Jacox v. StateAnnotate this Case
48 N.W.2d 390 (1951)
154 Neb. 416
JACOX v. STATE.
Supreme Court of Nebraska.
June 7, 1951.
*391 Heaton & Connors, Sidney, Torgeson, Halcomb & O'Brien, Kimball, James Barrett, Lusk, Wyo., for plaintiff in error.
C. S. Beck, Atty. Gen., Homer L. Kyle, Asst. Atty. Gen., for defendant in error.
Heard before SIMMONS, C. J., and CARTER, MESSMORE, YEAGER, CHAPPELL, WENKE, and BOSLAUGH, JJ.
LeRoy C. Jacox, plaintiff in error and defendant, seeks exoneration from his conviction and sentence for violation of provisions of the Blue Sky Law.
The information consists of two counts, and makes these charges against the accused: (1) That he, on or about the 13th day of March 1947, the 19th day of August 1947, and the 8th day of May 1948, in Cheyenne County, Nebraska, unlawfully, willfully, and feloniously negotiated for the sale and transfer and sold and transferred to Cecil Warren securities, consisting of an interest in oil and gas leases on property in the State of Wyoming, not exempt from the provisions of the Blue Sky Law, and not authorized to be sold, disposed of, or transferred by the Department of Banking of the State of Nebraska; and (2) that he on or about the 13th day of March 1947, the 19th day of August 1947, and the 8th day of May 1948, in Cheyenne County, Nebraska, unlawfully, willfully, and feloniously negotiated for the sale and assignment and sold and assigned to Cecil Warren securities, consisting of an interest in oil and gas leases on property in the State of Wyoming, without having secured from the Department of Banking of Nebraska a permit to transact business as a broker, as required by the Blue Sky Law.
The plea of defendant to each count of the information was "not guilty". The jury found him guilty as charged in each count.
The first count alleged that the securities offered for sale by defendant and sold to Cecil Warren were not excepted from the provisions of the Blue Sky Law upon which the prosecution was based. The defendant offered and requested the court to give the jury an instruction containing the language of subsection (10) of section 81-312 of the act, and advising the jury that the class of securities therein described were exempt from the provisions of the act, and that any transaction concerning them was not a violation of it. This was refused, and the charge of the court to the jury did not mention the subject. The defendant complains that this was error. The rule of criminal procedure decisive of *392 this contention is that an information need not negative the exceptions of a statute which are not descriptive of the offense. Pandolfo v. State, 120 Neb. 616, 234 N.W. 483; Emery v. State, 138 Neb. 776, 295 N.W. 417. This was applied in the Pandolfo case to exemptions specified in the act under which this prosecution was had.

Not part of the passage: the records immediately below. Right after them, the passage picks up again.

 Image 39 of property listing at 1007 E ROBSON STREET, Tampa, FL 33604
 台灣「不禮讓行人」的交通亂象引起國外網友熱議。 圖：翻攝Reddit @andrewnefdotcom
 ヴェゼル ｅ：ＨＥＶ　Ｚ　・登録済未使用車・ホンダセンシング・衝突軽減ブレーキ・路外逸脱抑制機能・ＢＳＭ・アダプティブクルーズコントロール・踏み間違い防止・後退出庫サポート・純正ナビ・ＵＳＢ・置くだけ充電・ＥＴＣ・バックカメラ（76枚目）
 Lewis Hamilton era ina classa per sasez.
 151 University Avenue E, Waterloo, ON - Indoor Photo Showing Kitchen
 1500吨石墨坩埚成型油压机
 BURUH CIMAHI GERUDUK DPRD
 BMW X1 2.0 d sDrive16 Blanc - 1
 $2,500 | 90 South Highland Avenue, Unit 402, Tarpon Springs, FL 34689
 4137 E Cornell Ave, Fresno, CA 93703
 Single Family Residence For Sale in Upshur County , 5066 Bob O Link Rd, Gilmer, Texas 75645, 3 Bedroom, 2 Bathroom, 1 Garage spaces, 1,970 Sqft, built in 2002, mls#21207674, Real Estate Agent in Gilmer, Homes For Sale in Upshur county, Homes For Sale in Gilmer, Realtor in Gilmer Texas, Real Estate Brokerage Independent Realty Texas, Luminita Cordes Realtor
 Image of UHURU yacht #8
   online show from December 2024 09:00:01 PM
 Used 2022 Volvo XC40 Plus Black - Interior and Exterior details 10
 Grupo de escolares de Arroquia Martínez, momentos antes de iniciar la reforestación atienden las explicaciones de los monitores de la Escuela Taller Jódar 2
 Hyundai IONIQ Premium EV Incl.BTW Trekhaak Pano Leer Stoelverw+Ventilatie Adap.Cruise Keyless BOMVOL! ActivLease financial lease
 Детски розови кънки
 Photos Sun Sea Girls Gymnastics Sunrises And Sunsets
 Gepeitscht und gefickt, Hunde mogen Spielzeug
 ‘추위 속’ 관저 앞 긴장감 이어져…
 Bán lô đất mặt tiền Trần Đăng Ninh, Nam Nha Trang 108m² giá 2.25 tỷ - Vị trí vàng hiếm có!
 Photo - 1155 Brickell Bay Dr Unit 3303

The offenses attributed to defendant are that he unlawfully on each of three separate and specific occasions negotiated for the sale and transfer and sold and assigned securities not authorized to be sold by the Department of Banking to Cecil Warren in Cheyenne County, Nebraska, in violation of the Blue Sky Law, and that at the time of each of the transactions he had not secured from the Department of Banking and did not have a permit to do business as a broker, as that act requires.
The first transaction relied upon by the State was on the 13th day of March 1947. It originated, was conducted, and wholly completed on that date within a period of not more than an hour and a half at the farm home of the purchaser. It concerned an offer to sell him an interest in oil and gas leases on land in Niobrara County, Wyoming, owned by the Blacktail Oil Development Company. He bought an undivided one percent interest in the leases in accordance with and under the terms of a written agreement, made a part of his written purchase contract, completed and delivered at the time of the transaction. It was provided in writing at that time what he bought, that the purchase price was fully paid, and that he thereby became and was the owner thereof. There was nothing unfinished to be done by anyone.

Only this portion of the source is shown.